W tej chwili, z mocami produkcyjnymi rzędu 80 tys. ton rocznie, Hardex jest jednym z większych producentów twardych płyt pilśniowych w Polsce. Na rynku krajowym konkuruje z niemieckimi producentami wyrobów drewnopochodnych i ze sprywatyzowanymi polskimi zakładami płyt pilśniowych.
W ostatnich latach spółka osiągała stabilne przychody, sięgające 95-100 mln zł. Jej zysk wahał się od 4,5 do 6 mln zł, w zależności od kursu euro (na eksport, głównie do Europy Zachodniej, trafia połowa sprzedaży). W zeszłym roku, mimo silnej złotówki, zysk wyniósł 6,5 mln zł, ale wynik ten obejmuje ponad 2 mln zł ze sprzedaży praw do emisji gazów cieplarnianych. W 2007 roku, zgodnie z szacunkami głównego akcjonariusza, funduszu BBI Capital, firma zarobi na czysto 6,7 mln zł przy 104,8 mln zł przychodów. Spółka liczy na wzrost popytu dzięki dobrej koniunkturze w budownictwie - jej głównymi klientami są producenci mebli i stolarki budowlanej.

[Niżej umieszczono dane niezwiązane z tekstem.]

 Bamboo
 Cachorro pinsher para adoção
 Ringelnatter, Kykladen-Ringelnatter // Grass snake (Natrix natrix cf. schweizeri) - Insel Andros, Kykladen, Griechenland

BBI Capital, do którego należy prawie 60 proc. akcji Hardeksu, nie zamierza sprzedawać papierów w ofercie publicznej. Według przedstawicieli funduszu, producent płyt ma przed sobą poważne plany i jest dobrą inwestycją dla BBI Capital. Wartość akcji Hardeksu w księgach spółki to 14,5 mln zł. Nie licząc walorów Tella, jest to największa inwestycja funduszu. Rynkowa wycena papierów Hardeksu, biorąc pod uwagę jego wyniki i perspektywę umocnienia pozycji rynkowej za pieniądze z emisji, może być znacząco wyższa.